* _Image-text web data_
>>>
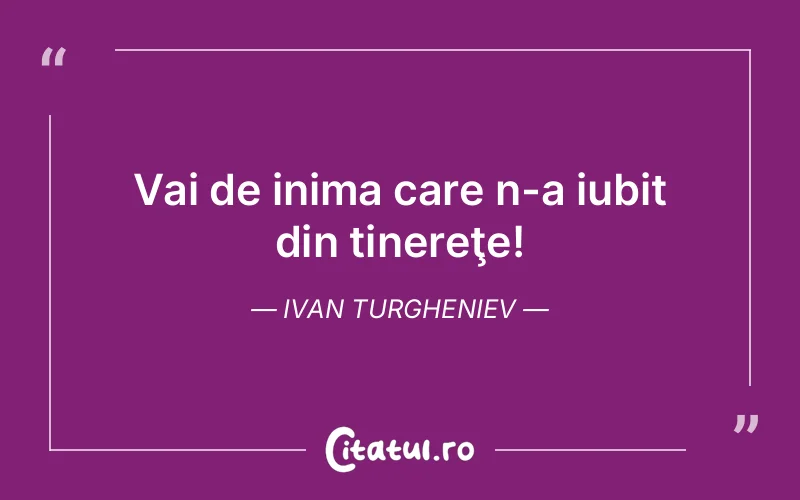 Vai de inima care n-a iubit din tinereţe! Ivan Turgheniev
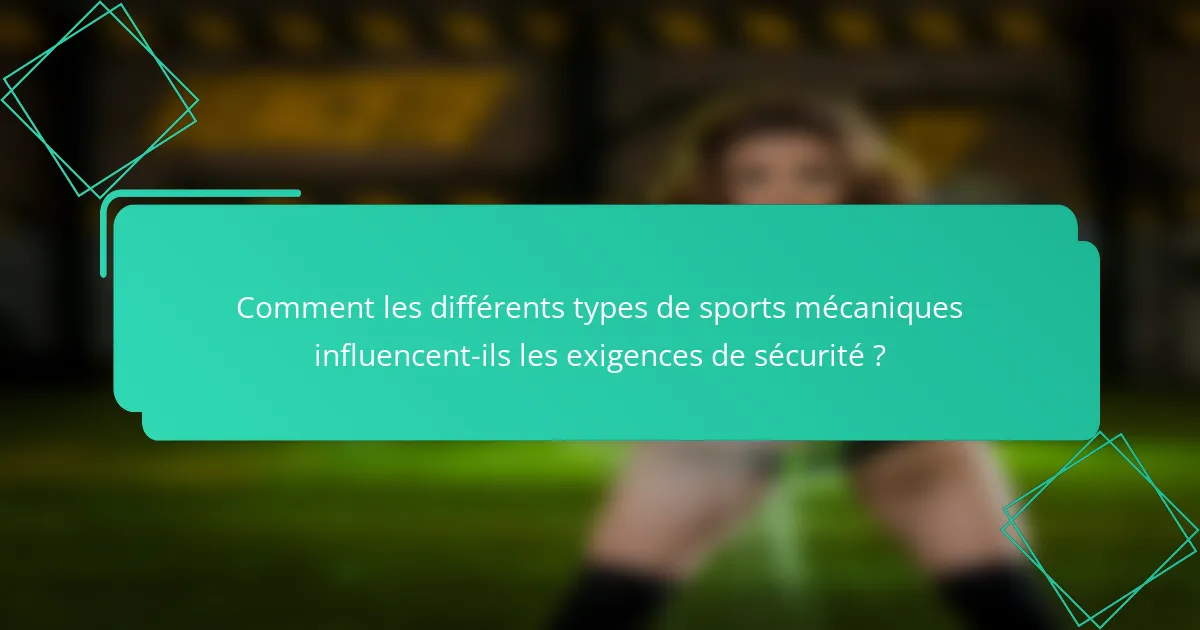 Comment les différents types de sports mécaniques influencent-ils les exigences de sécurité ?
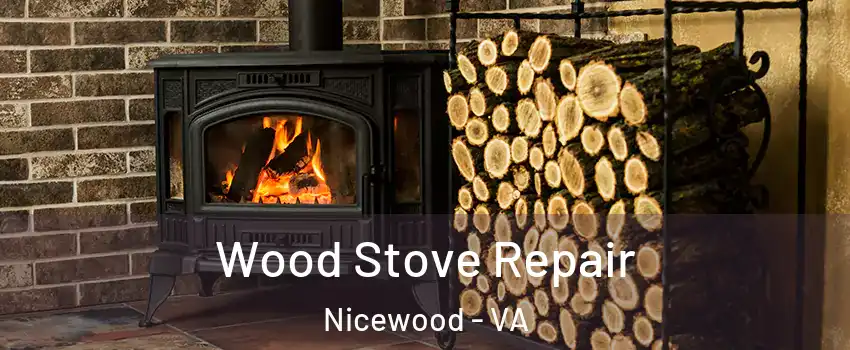 Wood Stove Repair Nicewood - VA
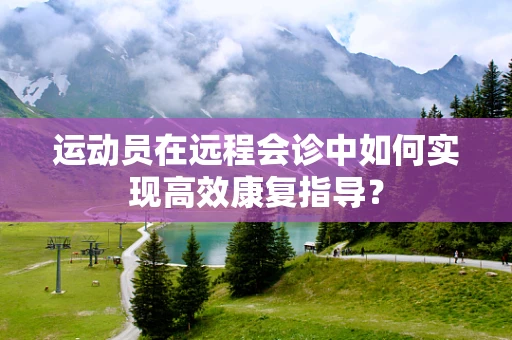 运动员在远程会诊中如何实现高效康复指导？
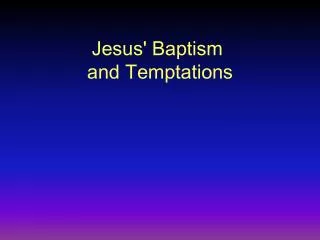 Jesus' Baptism and Temptations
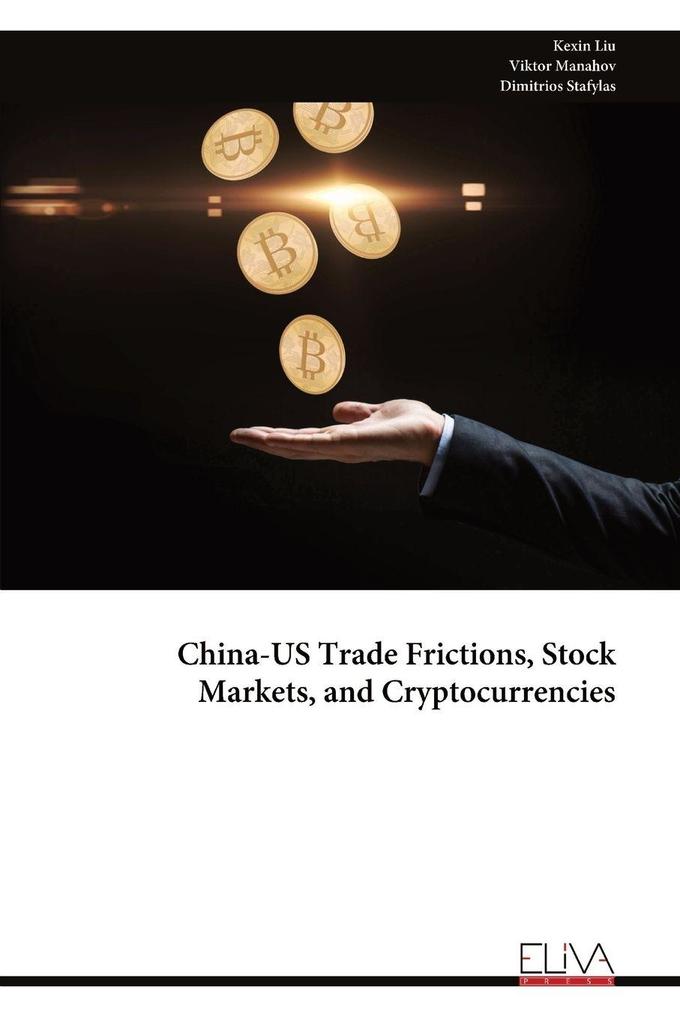China-US Trade Frictions Stock Markets and Cryptocurrencies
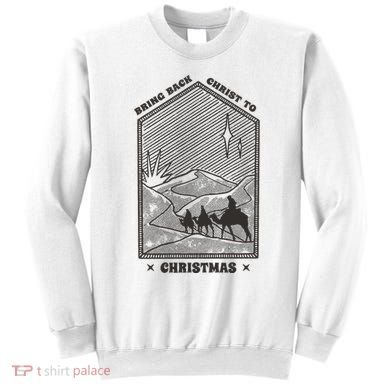 Bring Back Christ To Christmas Sweatshirt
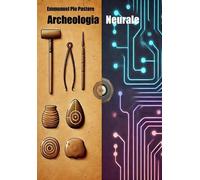 Libri Pastore Emmanuel Pio - Archeologia Neurale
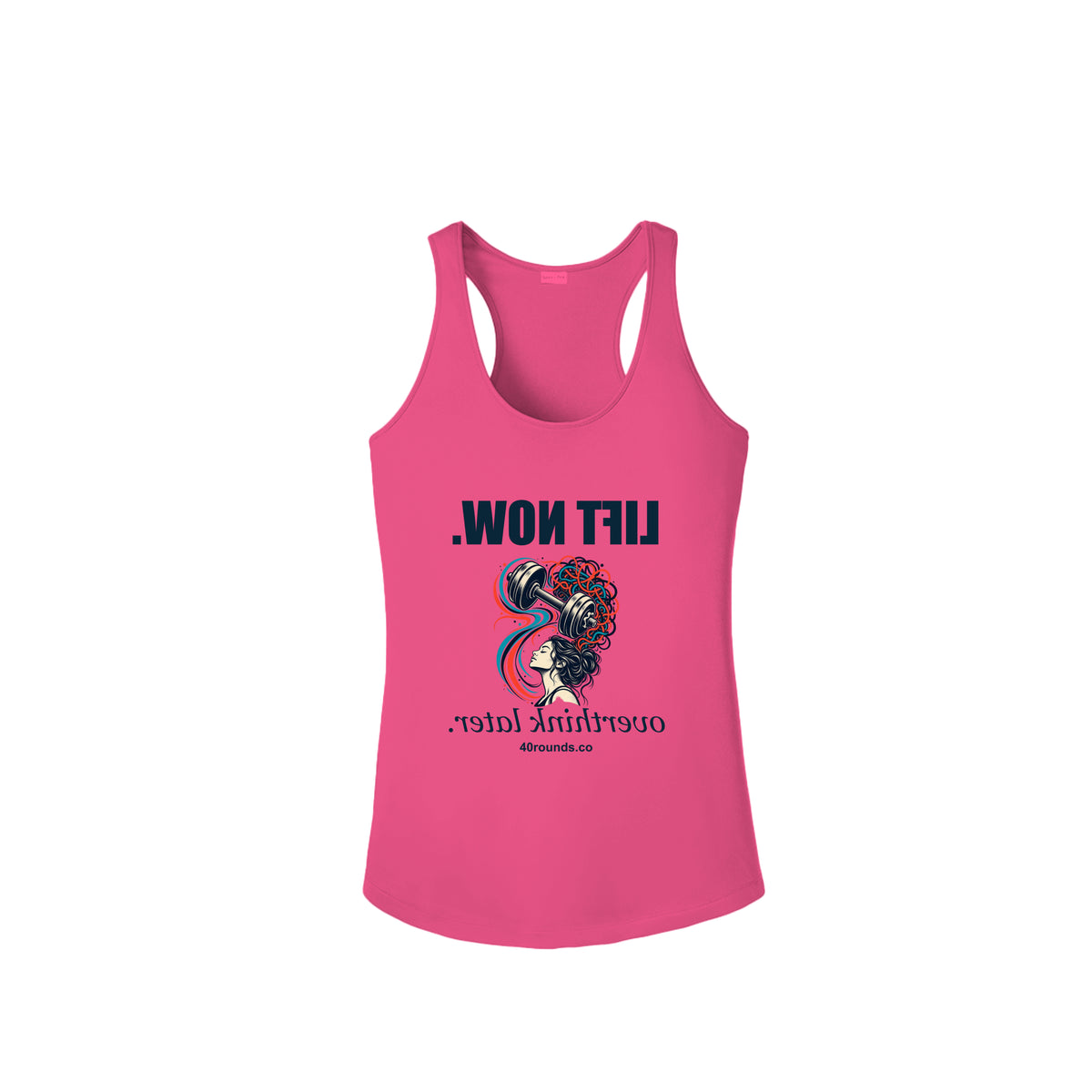 Lift Now. Overthink Later. — Women’s Mirrored Graphic Racerback · Neon Pink · Front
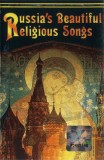 Unknown Artist - Russia's Beautiful Religious Songs - From The 15th - 20th Century, Caseta audio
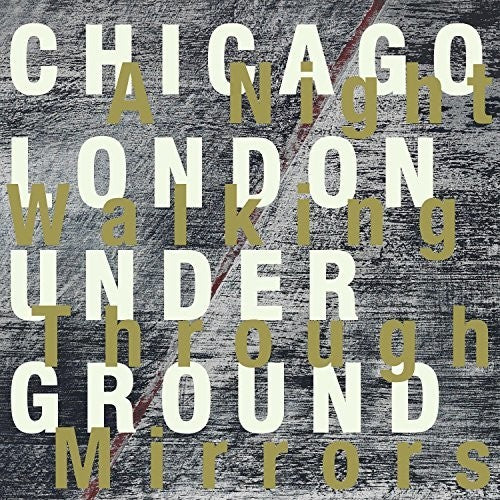 the album cover for Chicago / London Underground / Rob Mazurek - A Night Walking Through Mirrors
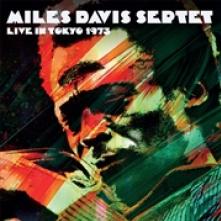 MILES DAVIS SEPTET  - CD+DVD LIVE IN TOKYO 1973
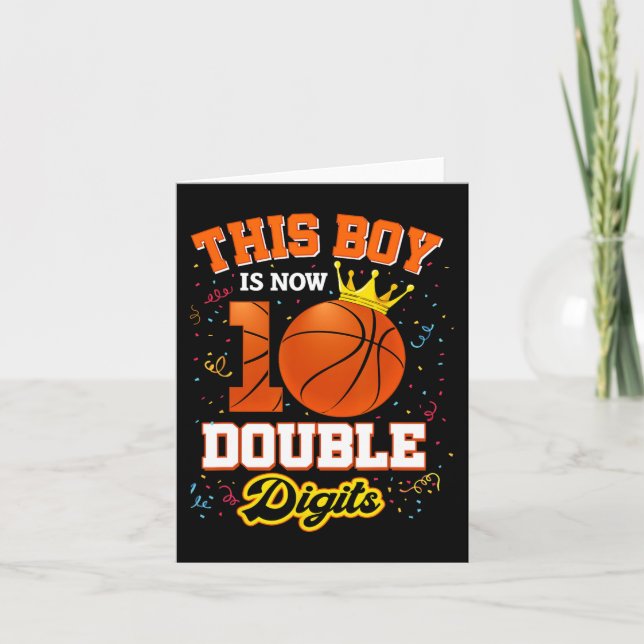 This Boy Is Now 10 Double Digits  Basketball Lover Card (Front)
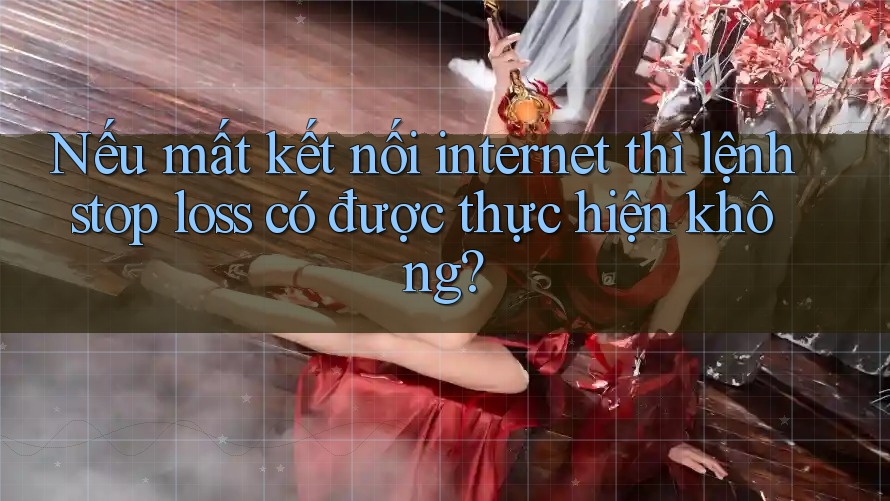 Nếu mất kết nối internet thì lệnh stop loss có được thực hiện không?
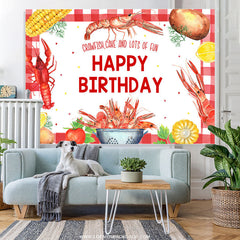 Lofaris Crawfish Cake And Lots Of Fun Happy Birthday Backdrop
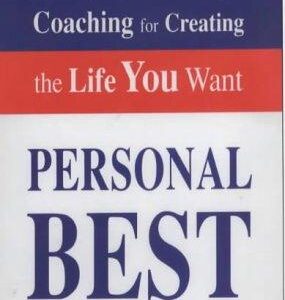 Personal Best: Step by Step Coaching for Creating the Life You Want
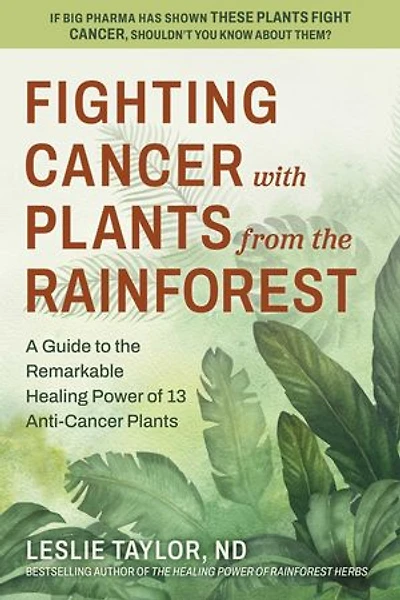 Fighting Cancer with Plants from the Rainforest: A Guide to Remarkable Healing Power of 13 Anti-Cancer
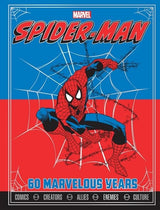Spider-Man: 60 Marvelous Years (Marvel)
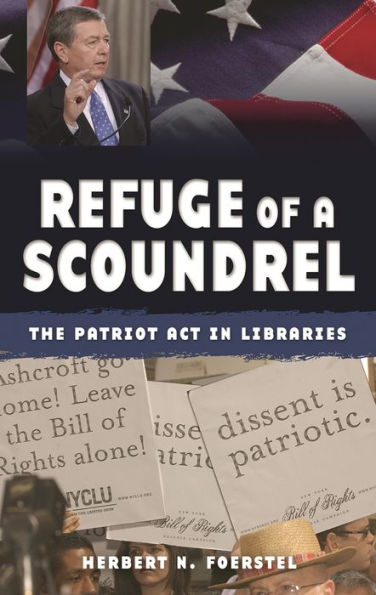 Refuge of a Scoundrel: The Patriot Act in Libraries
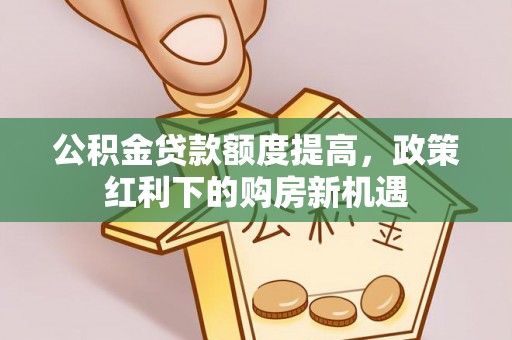 顺德公积金贷款额度提高，政策红利下的购房新机遇
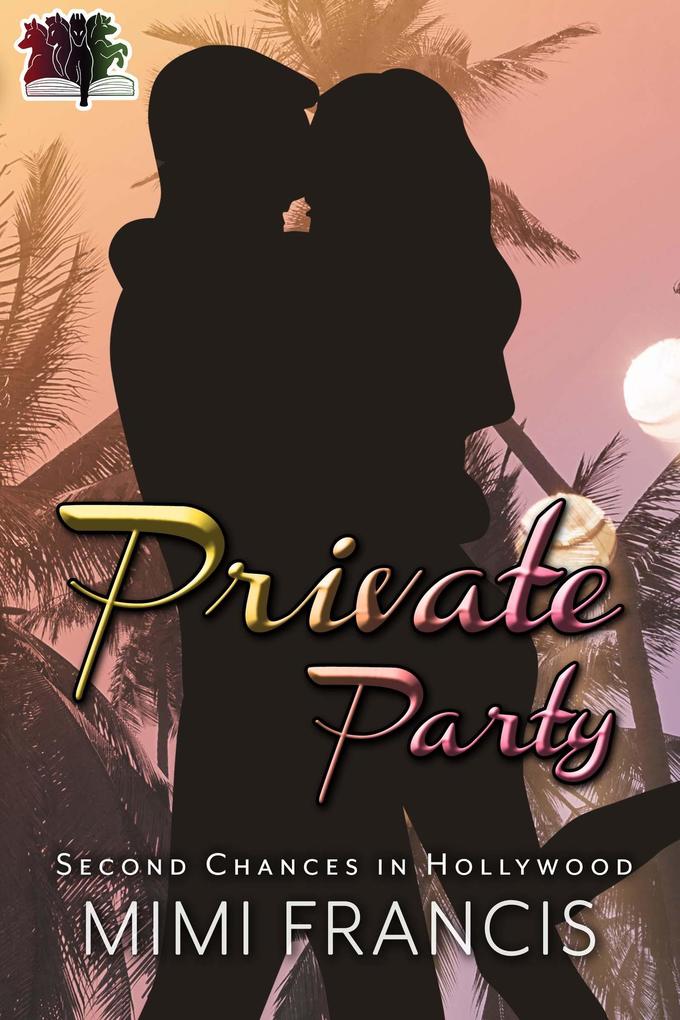 Private Party (Second Chances in Hollywood #3)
<<<
* _Task details_
Go back to the lines above and output, exactly as they stand, the ones from the line containing "Libri Pastore Emmanuel" to the line containing "MILES DAVIS SEPTET". Leave all pictures behind.

* _Result_
 Libri Pastore Emmanuel Pio - Archeologia Neurale
 Lift Now. Overthink Later. — Women’s Mirrored Graphic Racerback · Neon Pink · Front
 Unknown Artist - Russia's Beautiful Religious Songs - From The 15th - 20th Century, Caseta audio
 the album cover for Chicago / London Underground / Rob Mazurek - A Night Walking Through Mirrors
 MILES DAVIS SEPTET  - CD+DVD LIVE IN TOKYO 1973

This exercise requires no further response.